Solved – Random Forest probability

probabilityrandom forest

Random forest is forest of trees. and the probability that we get is the proportion of trees predicting it as a specific class. So does each tree of random forest predicts the class by taking cut-off probability as 0.5? and then use this classification from each tree to find out the proportion of tree inclined towards a class as its probability?

Moreover, do we have any method that gives us the average of the probability from each tree in random forest ?

EDIT 1:

Hi @user20160, Thanks for your answer. For the method 2 in R , you mean we predict as predict(randomForestModel, type="prob"). Since I made just 3 trees in random forest(two clasess i.e. 0 and 1), the final output of the predict function mentioned above that I got is one of 0,0.33,0.5,0.66,1,NA for all the records. This does mean it has taken the proportion of trees out of three trees voting for class 1. e.g if no tree is voting for class 1 then 0, if 1 tree is voting then 0.33 and so on. It could be NA because a record may notcome up in OOB of either of the three tree. So it is actually not taking the average of probability but only taking as the proportion of the trees as probability. Please help me in understanding this.

Best Answer

There are a couple ways to implement random forest classifiers. Suppose $x$ is some data point and there are $k$ classes.

Method 1: Each tree predicts the class of $x$ according to the leaf node $x$ falls within. The leaf node output is the majority class of the training points it contains. The predictions of all trees are considered as votes, and the class with the most votes is taken as the output of the forest.

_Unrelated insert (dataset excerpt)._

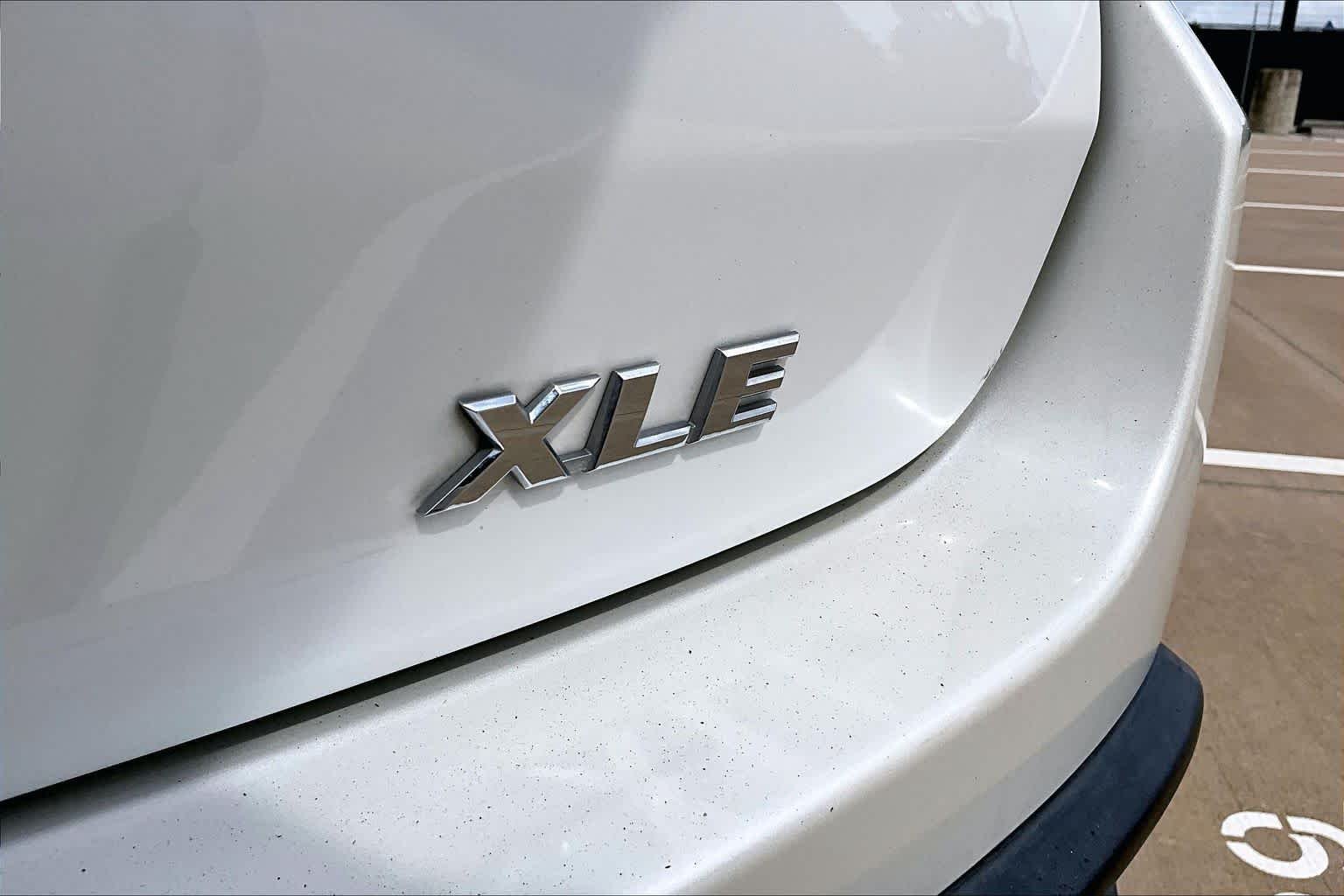 Used 2015 Blizzard Pearl Toyota XLE image 10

This is the original formulation of random forests proposed by Breiman (2001).

Method 2: Each tree outputs a vector $[p_1, \dots, p_k]$ representing the predicted probability of each class given $x$. This may be estimated as the relative class frequencies of training points in the leaf node $x$ falls within. The forest output is the average of these vectors across trees, representing a conditional distribution over classes given $x$.

Method 2 is nice because it gives probabilistic predictions. But, for some problems, further steps may be needed to ensure that they're well calibrated. For example, see:

Niculescu-Mizil and Caruana (2005). Predicting good probabilities with supervised learning.